Commentary

Keynes vs. Hayek: The Great Debate Continues

The debates raging over what policies will pull the U.S. economy out of its Great Recession replicate one that occurred during the Great Depression. Thanks to the efforts of Richard Ebeling, a professor of economics at Northwood University, we have compelling and concise documentary evidence. He has unearthed letters to the Times of London from the two sides that mirror today’s debates.

On Oct. 17, 1932, the Times published a lengthy letter from John Maynard Keynes and five other academic economists. Keynes, et al. (Keynes for short), made the case for spending — of any kind, private or public, whether on consumption or investment.

“Private economy” was the culprit that impeded a return to prosperity. If a person decides to save, there is no assurance that the funds “will find their way into investment in new capital construction by public or private concerns.” They cite a “lack of confidence” as the reason that savings is not intermediated into investment. Accordingly, “the public interest in present conditions does not point towards private economy; to spend less money than we should like to do is not patriotic.” They conclude by endorsing public spending to offset unwise private thrift.

Is all spending equally productive, or should government policies aim to simulate private investment?”

The views in this letter came to be known as Keynesian economics. Depressions are caused by a spending deficit, which can be made up by government spending. Keynesian economics (which predates Keynes) is easily identifiable in speeches given by President Obama and his economic team.

Two days later, on Oct. 19, 1932, four professors at the University of London responded to the Keynes letter, and one of the signers was Friedrich A. Hayek who more than 50 years later would win the Nobel Prize in Economics.

Hayek, et al. (Hayek for short), identified three areas of contention. First, they correctly identified Keynes’s argument about the futility of savings as actually being an argument about what has classically been known as the dangers of hoarding, i.e., the potentially pernicious consequences of an economy-wide increase in the demand for money that is not met by a corresponding increase in the supply of money. “It is agreed that hoarding money, whether in cash or in idle balances, is deflationary in its effects. No one thinks that deflation is in itself desirable.”

Second, the London professors disputed that it mattered not the form spending took, whether on consumption or investment. They saw a “revival of investment as peculiarly desirable,” as do today’s proponents of supply-side economics. They distinguish between hoarding of money and savings that flows into securities, and reaffirm the importance of the securities markets in transforming savings into investment.

Their third and greatest disagreement with Keynes was over the benefits of government spending financed by deficits. They demurred. “The existence of public debt on a large scale imposes frictions and obstacles to readjustment very much greater than the frictions and obstacles imposed by the existence of private debt.” This was not the time for “new municipal swimming baths, &c” (Keynes’s example). In our contemporary context, no stimulus.

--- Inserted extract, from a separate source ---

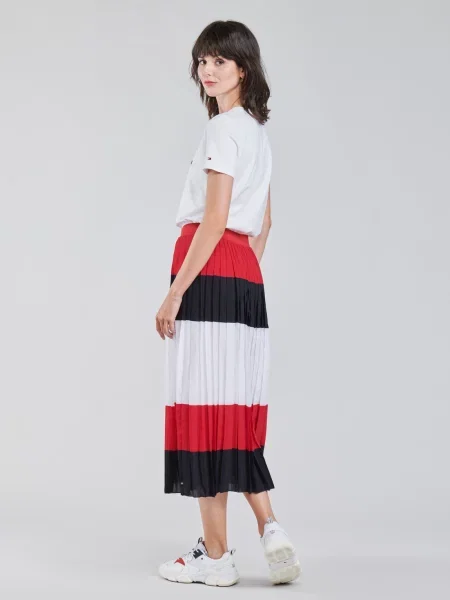 Tričko Tommy Hilfiger bílé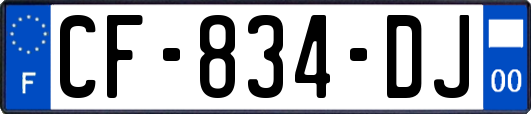 CF-834-DJ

Finally, and importantly, they offered a way forward. Governments world-wide, led by the U.S. with the destructive Smoot-Hawley Tariff of 1930, had turned to protectionism and restrictions on capital flows. Hayek argued it was time “to abolish those restrictions on trade and the free movement of capital.”

In short, they argued that the cure for the Great Depression was a reinvigorated international global trading system. The world economy has not turned to protectionism this time, but efforts at expanding global trade have flagged. As Allan Meltzer, a professor of economics at Carnegie Mellon University, recently reminded readers of this page (Why Obamanomics Has Failed, June 30), only expanded trade can enable us to pay off the public debt that burdens the economy.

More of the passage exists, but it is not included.